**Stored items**
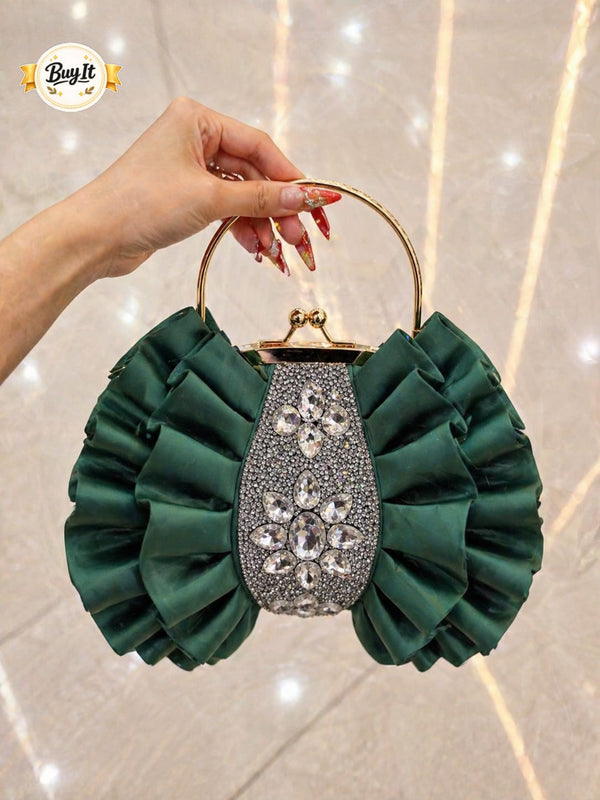 Butterfly Shape Clutch for Girls – Stylish PU Handbag with Chain & Unique Handle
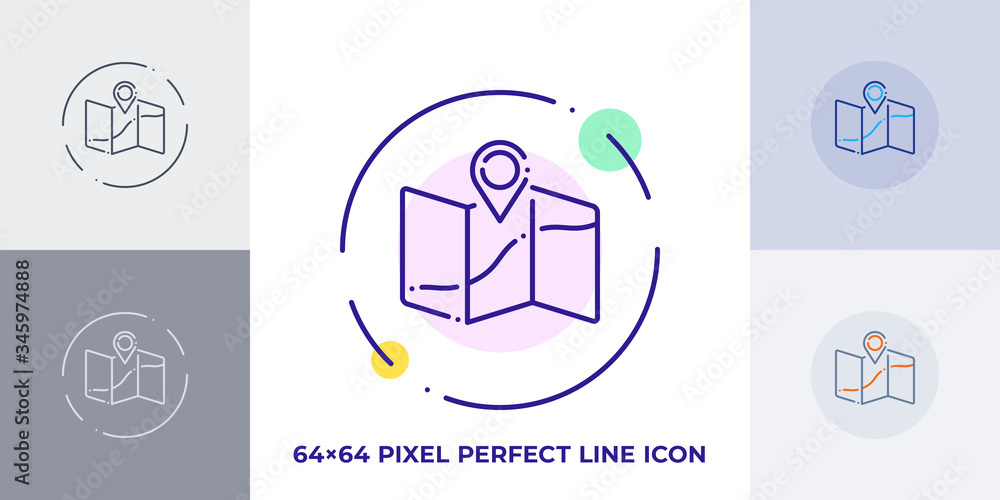 Poster map with location pin line art vector icon. outline symbol of travel route. navigation pictogram mad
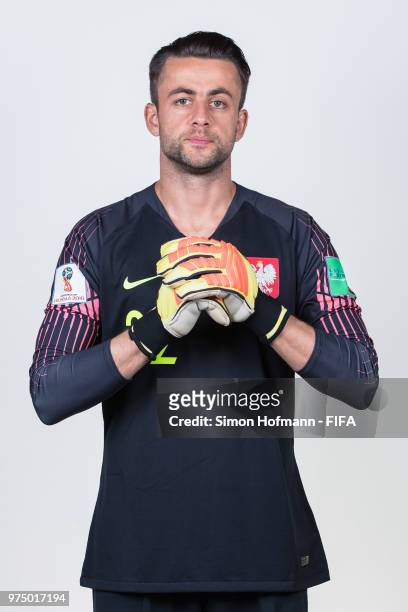 Lukasz Fabianski of Poland poses during the official FIFA World Cup 2018 portrait session at Hyatt Regency Hotel on June 14, 2018 in Sochi, Russia.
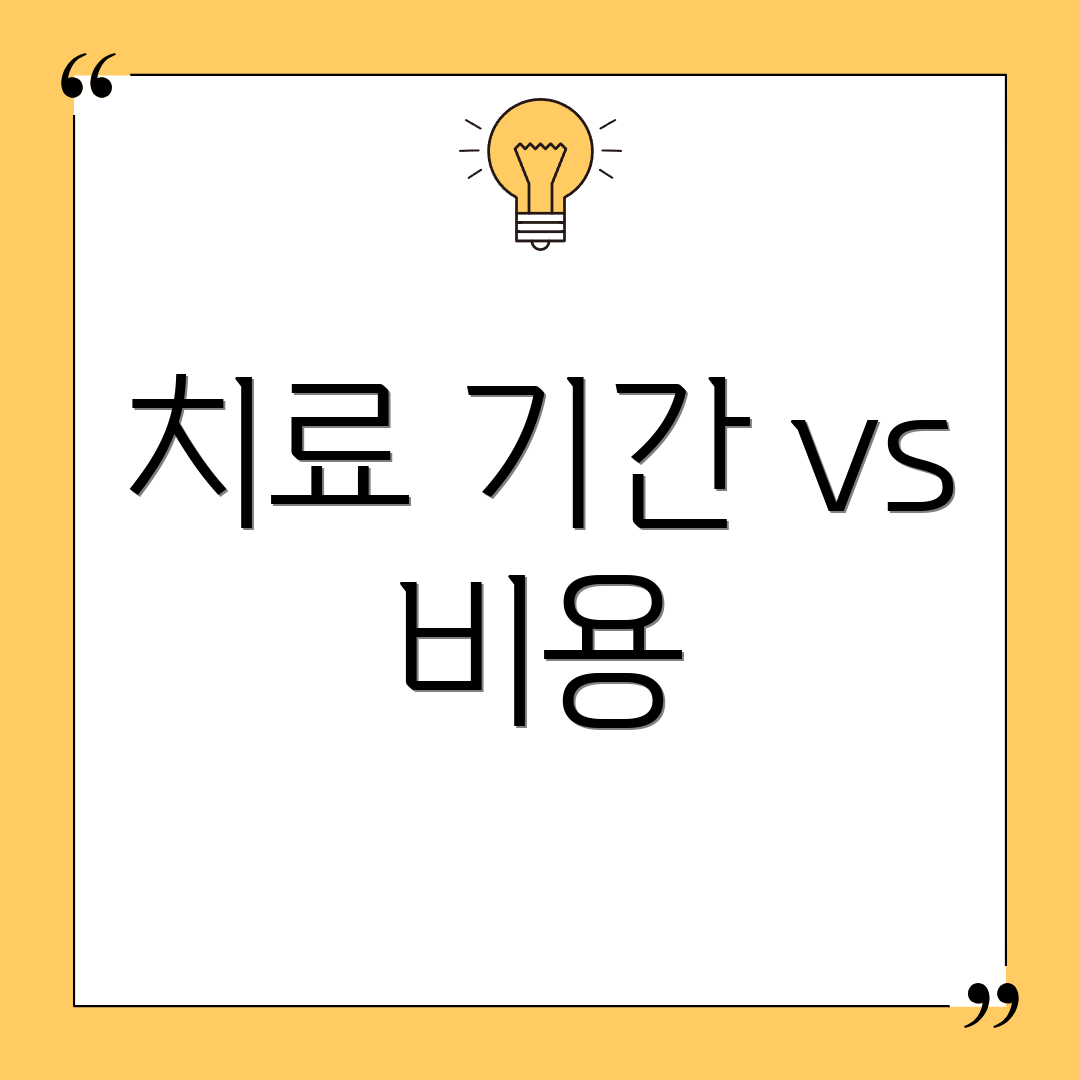 치료 기간 vs 비용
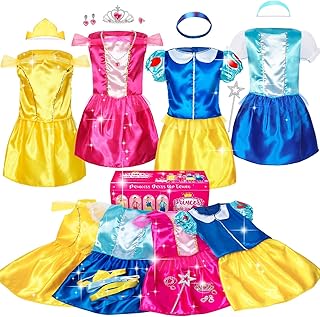 Girls Princess Dress Up Trunk, Pretend Play Costumes Princess Role Play Set 15pcs Girls Dress up Clothes for Toddler Age 3 4 5 6 Years with 4 Tops,4 Princess Dresses Crown Necklaces - Buy now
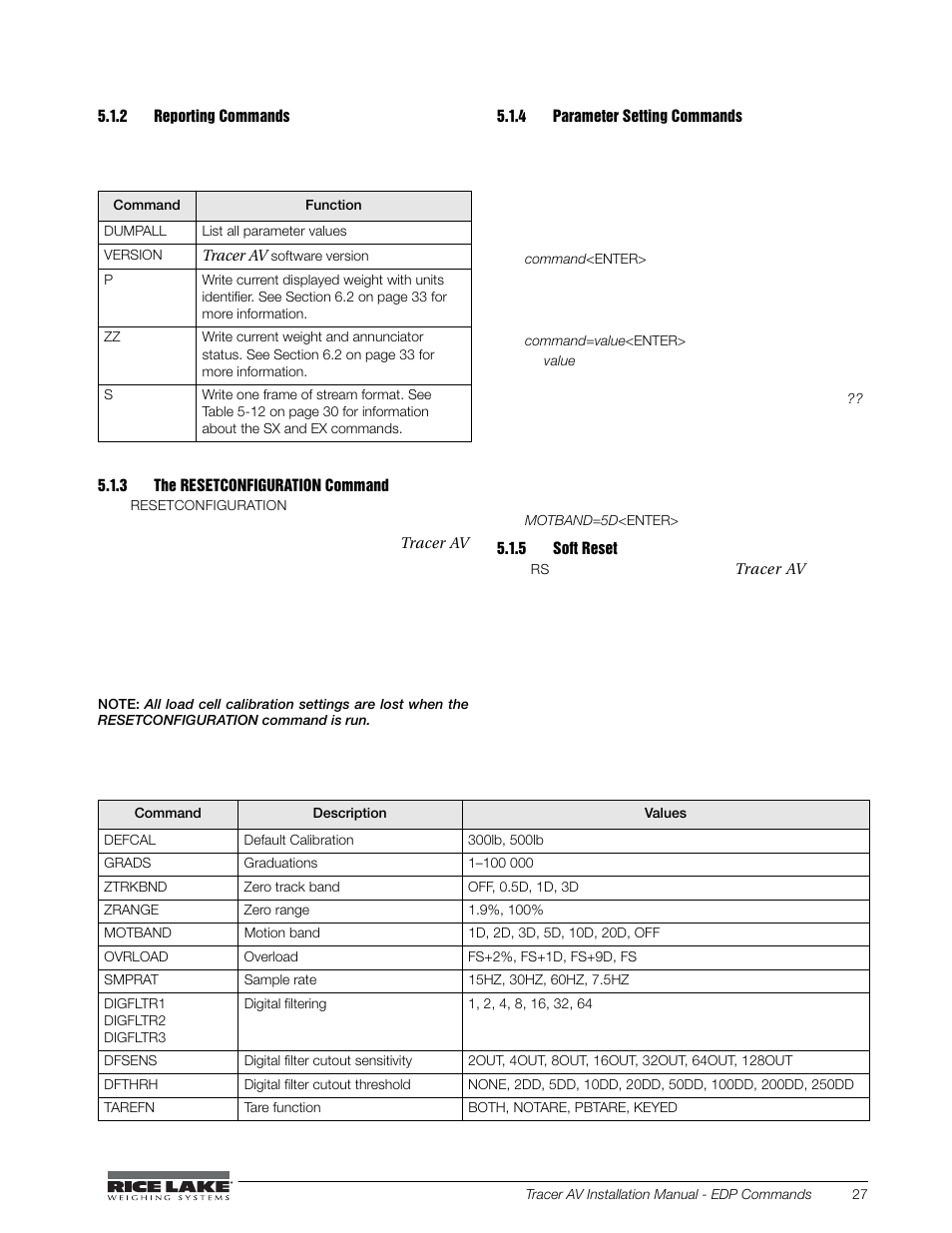2 reporting commands, 3 the resetconfiguration command, 4 parameter setting commands | 5 soft reset, Reporting commands, The resetconfiguration command, Parameter setting commands, Soft reset | Rice Lake Tracer AV User Manual | Page 31 / 48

**WORK INSTRUCTION**
Begin at the line containing "Poster map with" and stop at the last line of the data. Repeat only those lines, exactly, and leave out the pictures.

**TASK RESULT**
 Poster map with location pin line art vector icon. outline symbol of travel route. navigation pictogram mad
 Lukasz Fabianski of Poland poses during the official FIFA World Cup 2018 portrait session at Hyatt Regency Hotel on June 14, 2018 in Sochi, Russia.
 치료 기간 vs 비용
 Girls Princess Dress Up Trunk, Pretend Play Costumes Princess Role Play Set 15pcs Girls Dress up Clothes for Toddler Age 3 4 5 6 Years with 4 Tops,4 Princess Dresses Crown Necklaces - Buy now
2 reporting commands, 3 the resetconfiguration command, 4 parameter setting commands | 5 soft reset, Reporting commands, The resetconfiguration command, Parameter setting commands, Soft reset | Rice Lake Tracer AV User Manual | Page 31 / 48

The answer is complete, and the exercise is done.